We followed the path to a building that looks like it’s not
finished yet, although my guess is that the yellow arches are supposed to
signify woolly mammoth tusks or scimitar cat teeth.
Just inside the door is a giant globe. I was standing there looking at it and a very
nice docent came over, asked if I’d like some information on what I was looking
at. I said yes and he started explaining
about The Last Great Ice Age. (I
could tell he was capitalizing and italicizing each word as he said it. He was really enthused about this museum and
his job!)
I didn’t stand in the right place to take the picture, but there’s
a land bridge between North America and Asia that remained uncovered by
glaciers during the Ice Age. This sub-continent of eastern Siberia, Alaska and
Yukon was named “Beringia”, after the Bering Sea. It was cold but didn’t get a lot of precipitation. Without precipitation you don’t get snow and
ice. Without snow and ice, animals can
live on the grassy tundra.
Skeletons of prehistoric mammals have been found all over
the area. The most impressive is the
woolly mammoth. I don't know if we're most impressed by big extinct animals because they're big or because they're extinct.

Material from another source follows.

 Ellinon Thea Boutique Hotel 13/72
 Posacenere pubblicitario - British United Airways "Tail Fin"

I don’t think I’d ever heard of the Giant Short-Faced Bear. He was bigger than a grizzly and probably
would have not have been impressed with bear spray.
The docent told us that some fossil bones of a big ground sloth had been sent to then VP Thomas Jefferson. The future president not only thought the old bones and claws were from a lion, but he didn't believe in species going extinct and thought these critters were still wandering around the continent. When he sent Louis & Clark out exploring in 1802, he asked them specifically to look for live animals. The docent credits the Jefferson's ground sloth with the expansion of the US. I don't know if that's valid, but Lewis & Clark probably weren't looking forward to dealing with an animal this size, one who probably didn't move as slowly as today's smaller sloths who didn't make it onto the Extinct List.

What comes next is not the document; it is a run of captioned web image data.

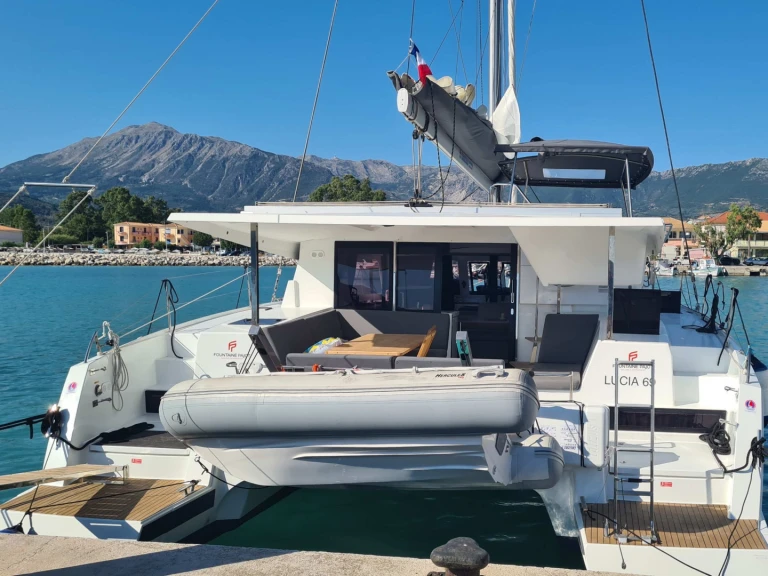 Alquiler de Catamarán, con o sin patrón Fountaine Pajot Lefkáda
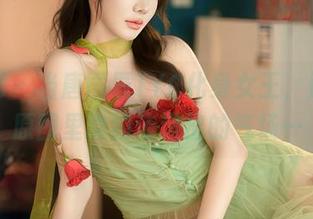 秀人网 – 当唐雨辰TYC化身女王，那全套原图里隐约传递出的气场…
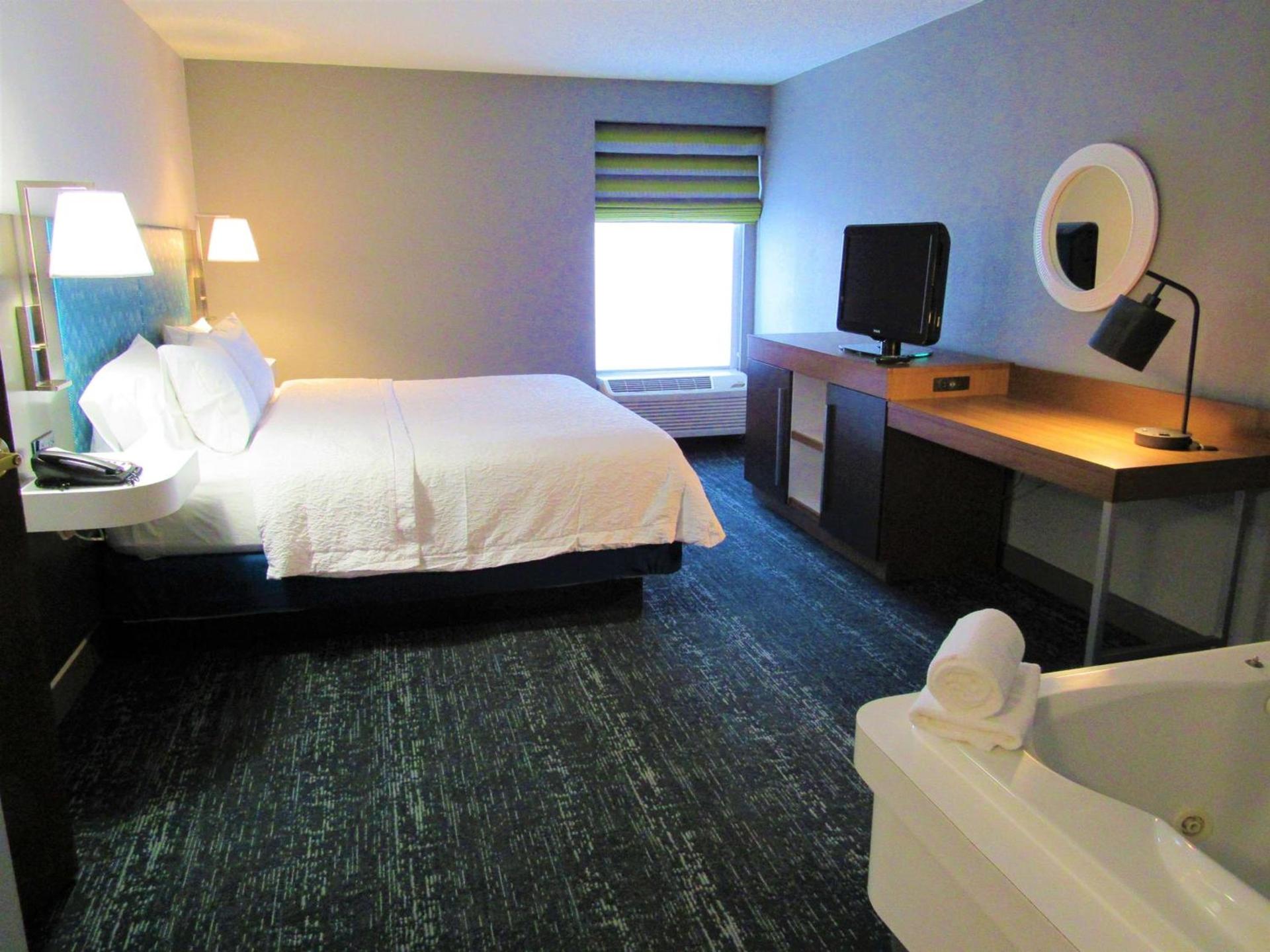 Hampton Inn & Suites Newtown photo 39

Beringia didn't have saber-tooth tigers. The region's big cat is called a "Scimitar Cat". They mounted the bones, and then reconstructed what they think he might have looked like. I think paleontologists have finally admitted that they haven’t a clue whether the big cats had stripes. This one seems to have both--as well as very large teeth.

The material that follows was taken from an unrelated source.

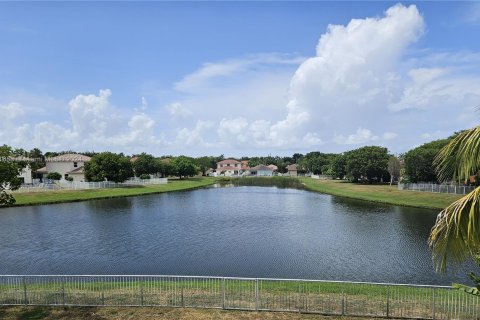 Villa ou maison à vendre à Pembroke Pines, Floride: 5 chambres, 268.95 m2 № 1325376 - photo 2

We watched a video—but I think I would have enjoyed talking
to the docent longer. We had talked about other fossil beds we'd seen during our travels. He was excited that we'd been to Idaho and actually seen a Hagerman horse fossil.
I really enjoyed this museum—although I think we missed a section. The brochure I picked up said there were frozen ice-age carcasses
uncovered by gold miners, and there were exhibits of paleontologists’ work in
northern Yukon. I don’t remember seeing
any of that so I would go again, but George probably won’t want
to when we go back through Whitehorse.